- _Problem requirements_
From the material below, return exactly the lines starting at the one that holds "Moustache Transplant 1 Moustache Transplant" and ending at the one that holds "جراحی-بینی-482". Pictures stay out of the answer.
⁂
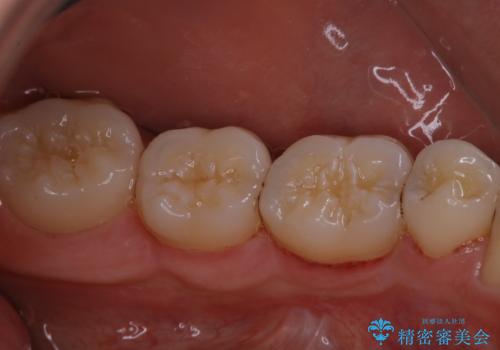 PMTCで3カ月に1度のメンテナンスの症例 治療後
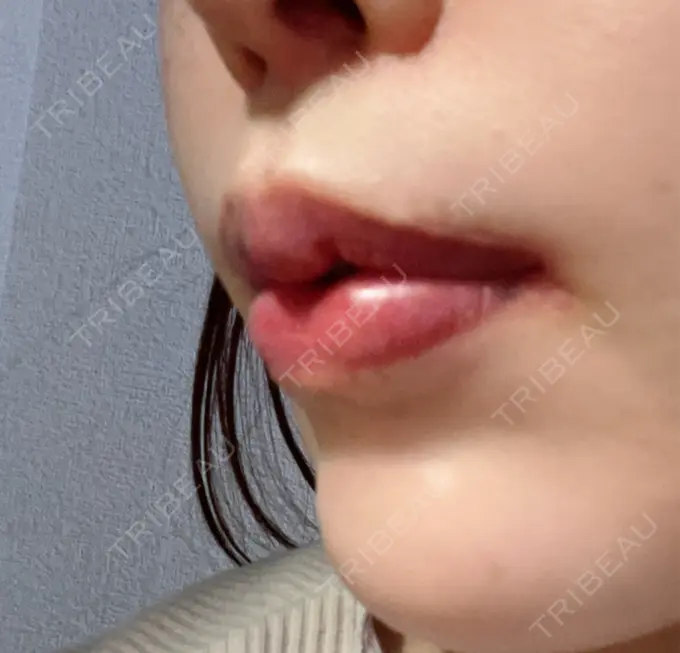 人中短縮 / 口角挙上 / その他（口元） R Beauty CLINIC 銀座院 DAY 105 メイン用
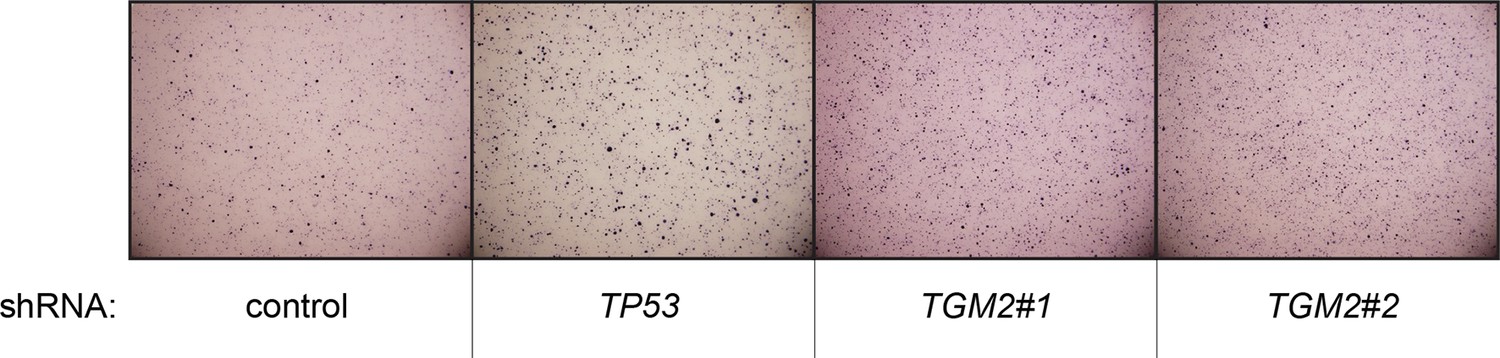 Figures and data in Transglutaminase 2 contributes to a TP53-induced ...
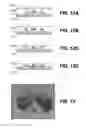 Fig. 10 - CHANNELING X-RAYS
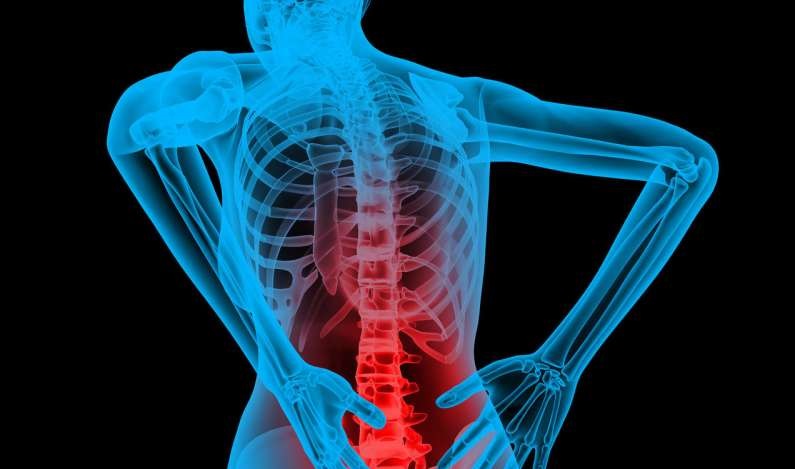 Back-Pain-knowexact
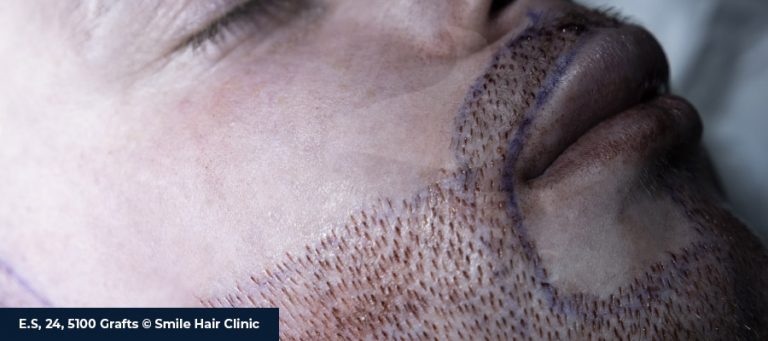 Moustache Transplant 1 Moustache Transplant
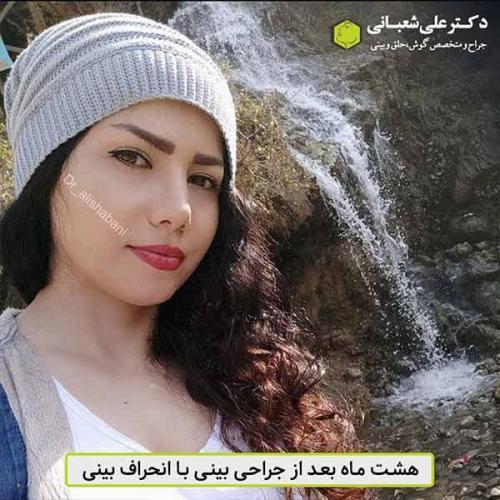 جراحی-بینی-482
⁂
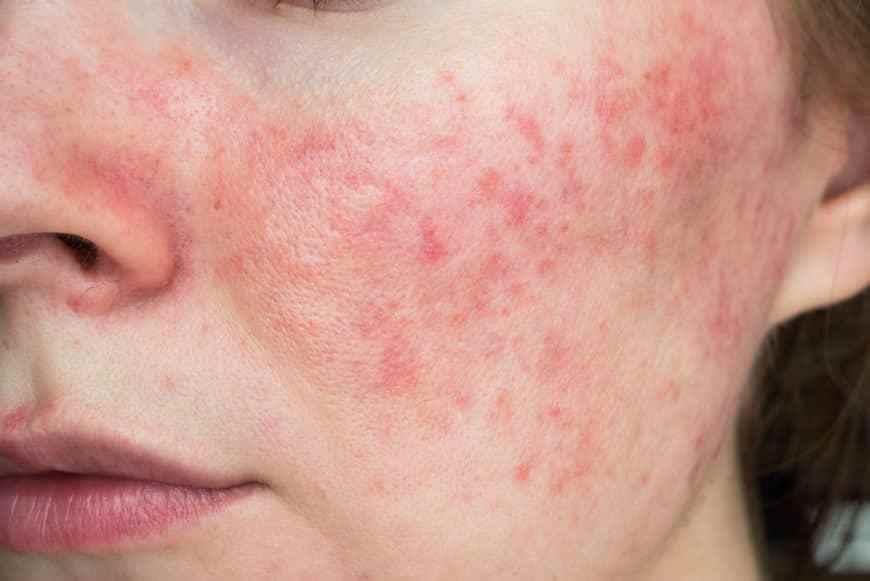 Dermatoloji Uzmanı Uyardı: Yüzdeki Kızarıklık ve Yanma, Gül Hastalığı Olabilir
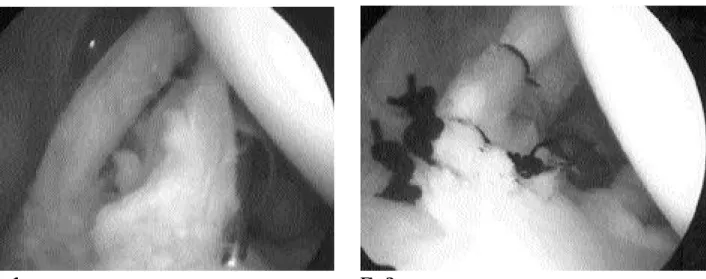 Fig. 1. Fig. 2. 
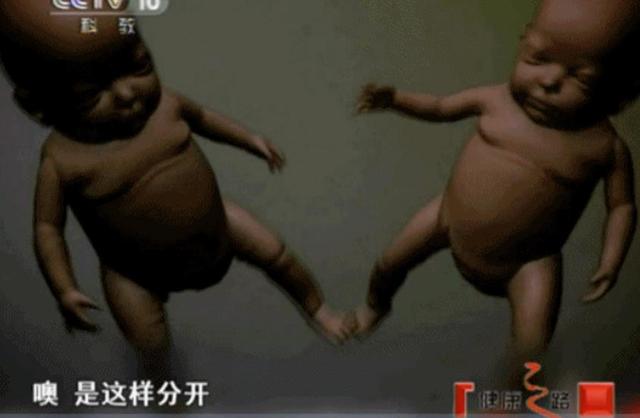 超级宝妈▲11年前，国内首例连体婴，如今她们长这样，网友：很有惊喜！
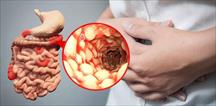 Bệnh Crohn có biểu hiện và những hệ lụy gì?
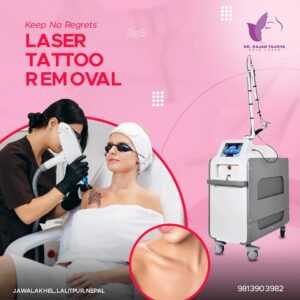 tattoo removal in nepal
⁂
- _Result of the task_
 Moustache Transplant 1 Moustache Transplant
 جراحی-بینی-482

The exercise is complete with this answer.